The invention also provides a method for manufacturing such a coil arrangement in which a winding is mounted on each base, the ends of the windings are electrically connected at the core legs and the cores are arranged side by side such that the legs of the two cores are located opposite each other with a spacing between them.
The spacing between the cores is preferably created using a spacer that is inserted between the two cores before the legs of the cores are secured on a carrier. Once the legs have been secured, the spacer can be removed. The legs of the cores are preferably soldered onto a circuit board.
Particularly in the case of large coil arrangements and small spacings between the cores, it is advantageous if the legs of two cores located opposite each other are additionally secured, for example, by adding a drop of epoxy resin.
SHORT DESCRIPTION OF DRAWINGS
The invention is explained in more detail below on the basis of preferred embodiments with reference to the drawings. The figures show:
FIG. 1 a perspective view of a C-core for the manufacture of a coil arrangement according to the invention;
FIG. 2 a view from above of a C-core on which a winding has been mounted;
FIG. 3 a bottom view of two wound C-cores located opposite each other for the construction of a coil arrangement according to the invention;
FIG. 4 a similar view from below as in FIG. 3, spacers being inserted between the C-cores;
FIG. 5 a perspective view of a connecting body for the coil arrangement according to the invention;
FIG. 6 a similar view as in FIG. 3, spacers and I-cores being inserted between the C-cores; and
FIG. 7 a perspective exploded view of two C-cores located opposite each other that are separated by a spacer and held together by a clamping bracket for the construction of a coil arrangement according to the invention.
DETAILED DESCRIPTION
The coil arrangement according to the invention is based on the use of two identical C-shaped cores, or C-cores, each forming one half of the coil. The C-cores are preferably made from a ferrite material. FIG. 1 shows a perspective view of a C-core 10 which has an elongated base 12 and two comparatively short legs 14, 16 protruding from the ends of the base and perpendicular to the base. The C-core of the coil arrangement according to the invention is preferably designed with relatively short legs 14, 16 that project from the base 12 by slightly more than a winding diameter. The C-core 10 thus degenerates towards an I-core. The illustrated C-core 10 structure means that only minimum space is required for the construction of the coil arrangement according to the invention.

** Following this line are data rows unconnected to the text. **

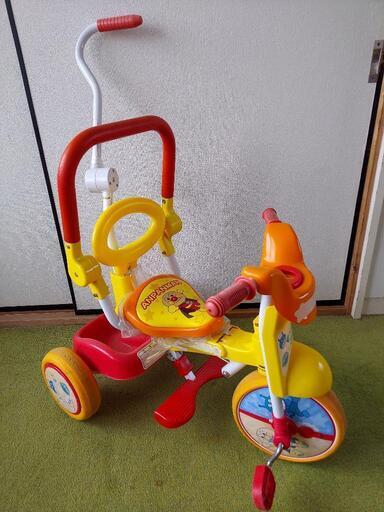 ★アンパンマン三輪車【純正品】保護者がレバーで走行操作できます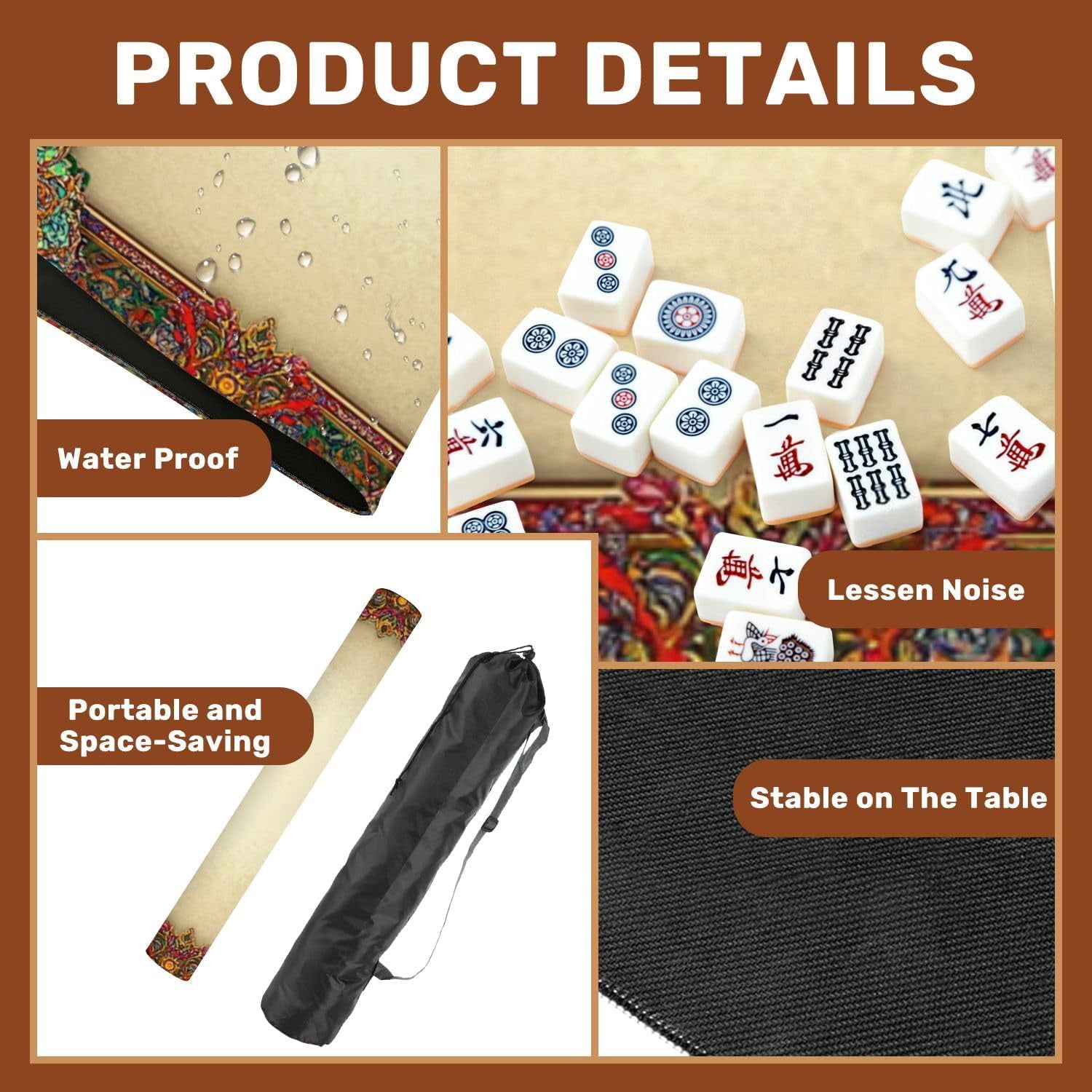 Mahjong Mat 31.5" x 31.5" Ornate Floral Border Vibrant Colors Intricate Patterns Non-Slip Noise Reduction Mahjong Tiles Table Cover for Dominoes Poker Card Board and Tile Games Gift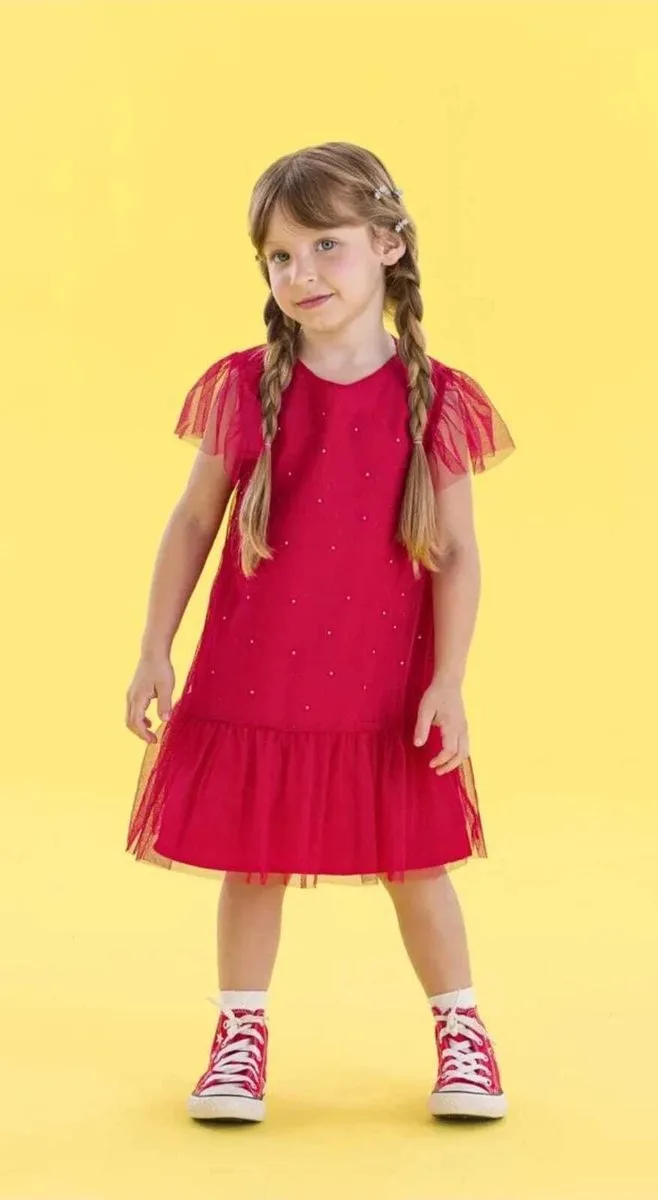 Vestido Málagah com Sobreposição em Tule Vermelho Glitter - foto 3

The base 12 is preferably coated with an insulating material, e.g. with an insulating plastic tape or a coat of epoxy. This makes it possible to mount a winding directly onto the core 10 without the need for additional insulation or coil carriers. In the illustrated embodiment, the core 10 has a rectangular cross-section. The edges of the core 10 are preferably smoothed or rounded to avoid any injury or damage to the material.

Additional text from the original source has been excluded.